MATERIAL PROVIDED START
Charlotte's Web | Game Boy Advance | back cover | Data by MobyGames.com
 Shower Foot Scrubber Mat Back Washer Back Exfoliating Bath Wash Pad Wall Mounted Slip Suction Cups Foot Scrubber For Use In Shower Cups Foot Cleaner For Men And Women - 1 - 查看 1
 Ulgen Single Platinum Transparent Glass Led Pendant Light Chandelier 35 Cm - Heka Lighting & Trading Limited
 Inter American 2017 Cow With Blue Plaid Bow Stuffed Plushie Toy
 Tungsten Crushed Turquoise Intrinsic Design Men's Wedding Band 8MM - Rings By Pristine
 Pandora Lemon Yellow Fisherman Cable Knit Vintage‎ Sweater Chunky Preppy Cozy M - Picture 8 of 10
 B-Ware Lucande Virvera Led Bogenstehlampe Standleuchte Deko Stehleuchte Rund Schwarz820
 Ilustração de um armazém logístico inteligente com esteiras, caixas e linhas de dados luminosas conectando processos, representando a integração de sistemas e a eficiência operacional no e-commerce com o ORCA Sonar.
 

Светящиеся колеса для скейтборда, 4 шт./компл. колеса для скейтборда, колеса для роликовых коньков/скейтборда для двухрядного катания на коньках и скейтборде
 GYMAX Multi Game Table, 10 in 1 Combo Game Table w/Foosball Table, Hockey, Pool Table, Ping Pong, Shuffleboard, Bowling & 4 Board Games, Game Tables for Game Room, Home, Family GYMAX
MATERIAL PROVIDED END
*ABOUT THIS TASK*
Exactly as they appear above, give the entries again.

*EXERCISE RESULT*
Charlotte's Web | Game Boy Advance | back cover | Data by MobyGames.com
 Shower Foot Scrubber Mat Back Washer Back Exfoliating Bath Wash Pad Wall Mounted Slip Suction Cups Foot Scrubber For Use In Shower Cups Foot Cleaner For Men And Women - 1 - 查看 1
 Ulgen Single Platinum Transparent Glass Led Pendant Light Chandelier 35 Cm - Heka Lighting & Trading Limited
 Inter American 2017 Cow With Blue Plaid Bow Stuffed Plushie Toy
 Tungsten Crushed Turquoise Intrinsic Design Men's Wedding Band 8MM - Rings By Pristine
 Pandora Lemon Yellow Fisherman Cable Knit Vintage‎ Sweater Chunky Preppy Cozy M - Picture 8 of 10
 B-Ware Lucande Virvera Led Bogenstehlampe Standleuchte Deko Stehleuchte Rund Schwarz820
 Ilustração de um armazém logístico inteligente com esteiras, caixas e linhas de dados luminosas conectando processos, representando a integração de sistemas e a eficiência operacional no e-commerce com o ORCA Sonar.
 

Светящиеся колеса для скейтборда, 4 шт./компл. колеса для скейтборда, колеса для роликовых коньков/скейтборда для двухрядного катания на коньках и скейтборде
 GYMAX Multi Game Table, 10 in 1 Combo Game Table w/Foosball Table, Hockey, Pool Table, Ping Pong, Shuffleboard, Bowling & 4 Board Games, Game Tables for Game Room, Home, Family GYMAX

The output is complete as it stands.